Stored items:
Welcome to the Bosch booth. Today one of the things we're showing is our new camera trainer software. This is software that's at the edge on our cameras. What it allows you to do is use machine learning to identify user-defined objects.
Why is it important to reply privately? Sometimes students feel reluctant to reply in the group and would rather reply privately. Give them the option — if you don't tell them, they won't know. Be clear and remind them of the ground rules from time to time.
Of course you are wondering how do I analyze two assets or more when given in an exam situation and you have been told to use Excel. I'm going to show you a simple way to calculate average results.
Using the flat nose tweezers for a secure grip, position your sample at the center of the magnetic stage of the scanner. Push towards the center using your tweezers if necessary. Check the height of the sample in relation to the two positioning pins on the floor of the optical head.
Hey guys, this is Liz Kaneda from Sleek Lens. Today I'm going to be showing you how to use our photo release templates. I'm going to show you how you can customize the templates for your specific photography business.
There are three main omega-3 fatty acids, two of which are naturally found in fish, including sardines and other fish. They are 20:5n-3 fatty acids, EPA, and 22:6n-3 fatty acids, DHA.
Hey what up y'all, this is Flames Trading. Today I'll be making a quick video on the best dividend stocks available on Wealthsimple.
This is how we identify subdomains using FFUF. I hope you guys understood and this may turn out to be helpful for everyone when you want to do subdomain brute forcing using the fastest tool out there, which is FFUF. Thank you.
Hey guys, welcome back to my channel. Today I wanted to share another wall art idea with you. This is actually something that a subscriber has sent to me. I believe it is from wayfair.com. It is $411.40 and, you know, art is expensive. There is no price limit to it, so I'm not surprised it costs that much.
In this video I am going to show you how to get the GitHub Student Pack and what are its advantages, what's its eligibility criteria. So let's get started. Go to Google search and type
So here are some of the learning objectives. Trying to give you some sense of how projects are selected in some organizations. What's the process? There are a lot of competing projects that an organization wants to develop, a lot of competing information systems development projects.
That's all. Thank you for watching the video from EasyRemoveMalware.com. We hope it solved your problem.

» **Exercise goal**
A single figure is all that is needed: the number of lines above that contain the string "showing".

» **Task solution**
2